Great Northwest Wine has learned that next month, Ste. Michelle Wine Estates will unveil Two Vines as a new stand-alone winery, separating the brand from Columbia Crest. And it will produce a quarter-million cases of wine using California grapes – in addition to wines using Washington fruit.
Kari Leitch, vice president of communications for Ste. Michelle Wine Estates, confirmed the move Tuesday.
Beginning in January, the Columbia Crest Two Vines tier will just be known as Two Vines and will not include any reference to Columbia Crest. Columbia Crest introduced the Two Vines wines with the 2004 vintage, replacing the bottom-tier “Columbia Valley” designation. The wines retail for around $8, sell for as low as $5-$6 per bottle and are priced to compete at the lower end of the premium wine tier.
Two Vines Merlot, Cabernet Sauvignon to use California grapes
Two of the wines – Merlot and Cabernet Sauvignon – will carry the “California” appellation on the label, while the Chardonnay, Gewürztraminer, Riesling, Sauvignon Blanc, Syrah and Merlot-Cab blend all will use Washington grapes.

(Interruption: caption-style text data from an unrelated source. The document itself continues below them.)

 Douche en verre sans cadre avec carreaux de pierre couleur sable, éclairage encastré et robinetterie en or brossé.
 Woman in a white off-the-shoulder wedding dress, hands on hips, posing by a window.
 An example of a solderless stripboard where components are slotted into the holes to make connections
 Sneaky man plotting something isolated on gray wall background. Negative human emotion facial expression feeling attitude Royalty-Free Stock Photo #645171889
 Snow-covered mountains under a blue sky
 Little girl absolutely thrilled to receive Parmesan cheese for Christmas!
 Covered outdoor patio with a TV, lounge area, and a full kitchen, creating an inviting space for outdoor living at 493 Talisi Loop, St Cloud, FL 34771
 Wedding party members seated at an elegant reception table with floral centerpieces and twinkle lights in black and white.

“Washington is the heart and soul of our operation,” Leitch said. “We’re looking to California as a shorter-term way to fuel demand for Two Vines.”

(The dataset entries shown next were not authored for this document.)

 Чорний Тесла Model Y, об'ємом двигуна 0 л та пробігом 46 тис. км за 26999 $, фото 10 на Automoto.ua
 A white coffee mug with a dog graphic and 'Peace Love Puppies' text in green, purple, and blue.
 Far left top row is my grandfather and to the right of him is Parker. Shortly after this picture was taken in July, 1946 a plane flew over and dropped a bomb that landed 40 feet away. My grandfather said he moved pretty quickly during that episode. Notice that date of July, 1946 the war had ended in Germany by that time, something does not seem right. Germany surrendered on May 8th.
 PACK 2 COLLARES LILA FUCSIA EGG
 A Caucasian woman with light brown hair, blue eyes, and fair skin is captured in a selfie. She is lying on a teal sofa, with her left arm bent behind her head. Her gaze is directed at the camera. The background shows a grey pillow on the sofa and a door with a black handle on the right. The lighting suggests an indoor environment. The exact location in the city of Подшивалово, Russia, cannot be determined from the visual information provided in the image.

Juan Muñoz-Oca, head winemaker for Columbia Crest, will continue to oversee production and winemaking quality for Two Vines.
When released early next year, the Merlot will be 100,000 cases in production, and the Cabernet Sauvignon will top out at 150,000 cases. Both will be made using grapes from California’s Lodi region.

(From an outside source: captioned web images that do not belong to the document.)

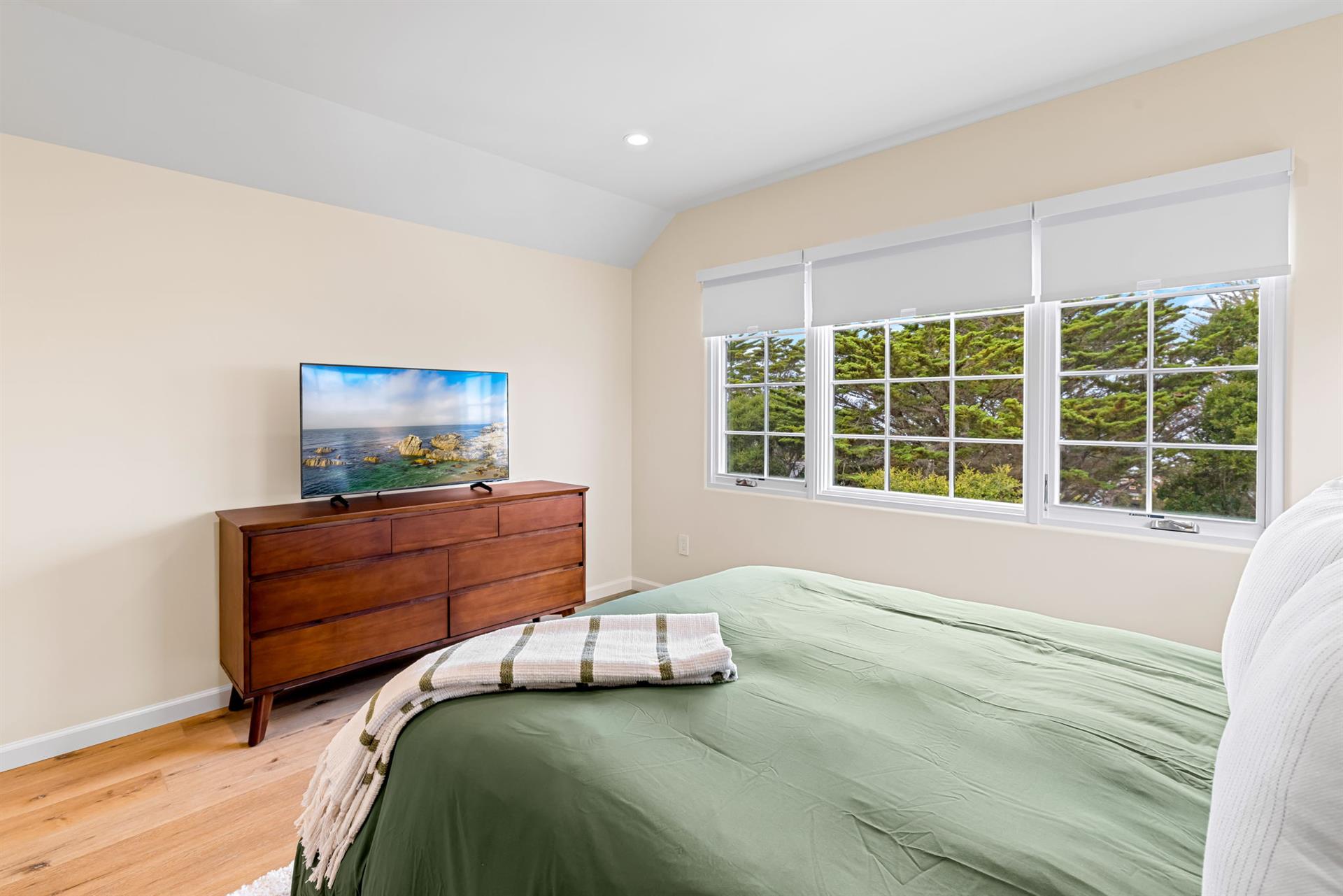 Bedroom 2 has a Queen Bed and EnSuite Bath with a Shower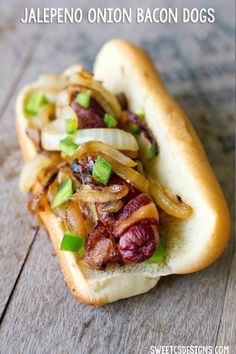 a close up of a hot dog on a bun with onions and relish in it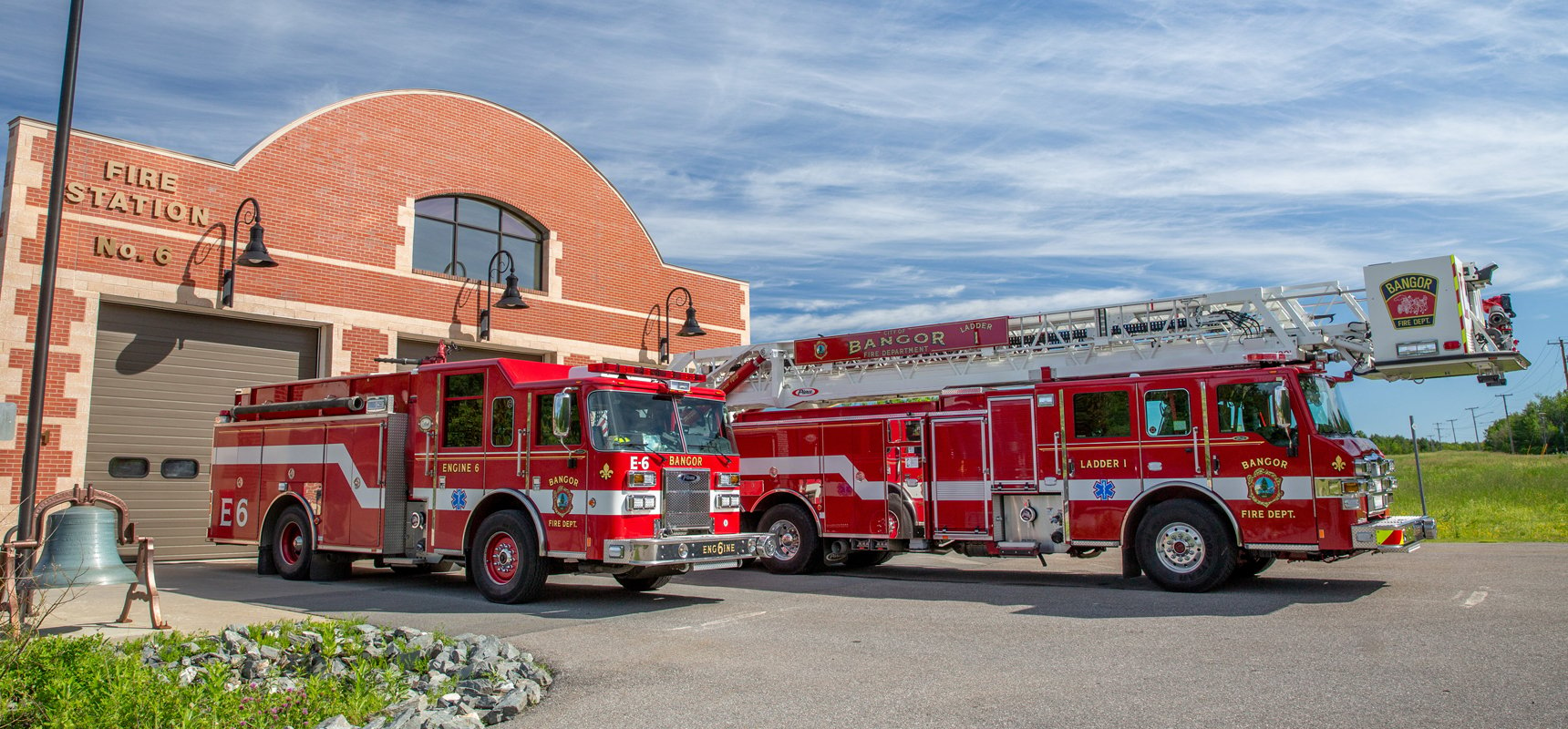Two red and white fire trucks are parked outside their fire department bays with a bright blue sky in the background.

The decision to use grapes from California will be made on a vintage-by-vintage basis, depending on availability of enough fruit to slake demand for Ste. Michelle wines.
Leitch explained that making Two Vines into its own brand helps Muñoz-Oca and his team at Columbia Crest in Paterson focus on the winery’s other three tiers: Grand Estates, H3 and Reserve. And using California grapes for Two Vines will free up Washington fruit for the higher-priced tiers.
“All of our sourcing across the portfolio is tapped,” she said. “With the Grand Estates, H3 and Reserve wines, you’re talking about a different level of sourcing and winemaking. This allows Juan to focus on those three tiers.”
Red Diamond already an international label
The move is not unprecedented for Ste. Michelle. In fact, Red Diamond, a brand also overseen by Muñoz-Oca at Columbia Crest, uses grapes from Spain, Argentina and California, as well as Washington.
And in the mid-1990s, the company used grapes from France for both its Snoqualmie Vineyards winery as well as the now-retired Colour Volant label.
The decision to create Two Vines as a separate winery concludes a busy year for Ste. Michelle Wine Estates. Its other moves this year include:
- Opening a tasting room for 14 Hands in the Yakima Valley town of Prosser. 14 Hands is a million-case brand for Ste. Michelle that is now Washington’s third-largest winery. It was created at Columbia Crest a decade ago as a restaurant-only label. 14 Hands takes over the building formerly used by Snoqualmie Vineyards, whose production moves to Columbia Crest in Paterson.
- Launching Anew, a 70,000-case winery that focuses on Riesling and is marketed primarily to women.
- Turning O Wines into a 100,000-case national brand. O Wines, started in 2006, was purchased by Ste. Michelle in 2012. The wine raises money that goes to scholarships for low-income, high-potential young women.
- Rebranding longtime sparkling wine house Domaine Ste. Michelle simply to “Michelle.” This also included refreshing the label for the 300,000-case brand made at Columbia Crest and streamlining the product line.
- Launching Seven Falls, a 50,000-case line of wines using grapes from the Wahluke Slope. Production is overseen by Doug Gore, vice president of winemaking and viticulture and former Columbia Crest head winemaker. Seven Falls wines are sold primarily at restaurants, though they’re available direct to consumers via the winery website.
Leitch said the new Two Vines wines are being shipped to distributors this month and could be on the shelves as early as January.